Photo credit: Oct 29, 2025; Los Angeles, California, USA; Toronto Blue Jays pitcher Trey Yesavage (39) walks off the mound after the second inning against the Los Angeles Dodgers during game five of the 2025 MLB World Series at Dodger Stadium.
Trey Yesavage is not joining John Schneider's rotation yet, and the Blue Jays are making the right call by slowing his return.
That is the real takeaway from the latest update. Jays Journal reported that Yesavage is expected to make 1 more rehab start with Triple-A Buffalo on Tuesday before he is considered for a return to Toronto.

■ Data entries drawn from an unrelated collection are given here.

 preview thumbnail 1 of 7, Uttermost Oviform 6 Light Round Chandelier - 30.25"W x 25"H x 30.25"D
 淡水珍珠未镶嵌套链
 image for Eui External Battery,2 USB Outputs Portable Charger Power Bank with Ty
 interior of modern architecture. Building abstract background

So the Blue Jays will not get him for the Angels series. The current target, according to that report, is the weekend set against Cleveland back in Toronto.

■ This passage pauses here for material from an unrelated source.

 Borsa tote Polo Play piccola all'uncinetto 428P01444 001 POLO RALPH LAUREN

This is not hard to understand. Yesavage has been out since Spring Training with a right shoulder impingement, and the Blue Jays have been careful with him from the start.
Buffalo's latest outing showed why the club is still waiting. MLB.com reported that Yesavage threw 71 pitches over 4 1/3 innings on April 15, which was likely his final rehab test or close to it, but the Blue Jays were still focused more on build-up than clean results.

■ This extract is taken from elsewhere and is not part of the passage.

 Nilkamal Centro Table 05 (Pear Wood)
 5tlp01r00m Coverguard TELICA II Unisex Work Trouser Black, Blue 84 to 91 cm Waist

The numbers in rehab back that up. Jays Journal said he carried a 7.45 ERA and 1.55 WHIP through 9.2 innings across 3 rehab appearances, with 14 strikeouts, 12 hits allowed, and 3 walks.
That line looks rough, but this is where context matters. MLB.com made it clear that Toronto wanted pitch count, workload, and feel for his stuff more than pretty box-score totals.
Toronto is protecting Trey Yesavage from aggravating his injury
Yesavage is only 22, and this is not some ordinary depth piece trying to grab a spot start. MLB.com called him Toronto's breakout star from 2025 and an early favorite for the 2026 AL Rookie of the Year race before the shoulder issue got in the way.
That is why rushing him would be a bad bet. Schneider has already spoken this spring about being strategic with Yesavage's workload, and that plan should not change just because the rotation has been under pressure.
Toronto clearly needs help. MLB.com noted earlier this month that Yesavage, José Berrios, and Shane Bieber were all on the IL at the same time, which left the rotation thin enough that every available inning started to matter.
But need and readiness are not the same thing. A pitcher coming off a shoulder impingement has to be lined up to handle the mound, the recovery, and the next outing after that.
That is why 1 more Buffalo start feels smart, not slow. If Yesavage gets through Tuesday cleanly, the Blue Jays can bring him back with a little more confidence and a little less guesswork. That is an inference based on Toronto's rehab usage and reported timing.
For now, the headline is simple. Trey Yesavage is close, but John Schneider and the Blue Jays are still choosing patience over urgency, and that is the better play for a young arm they need for more than just 1 week in April.
Fans were hoping to get Yesavage back due to all the injuries but it looks like they will have to wait a bit longer.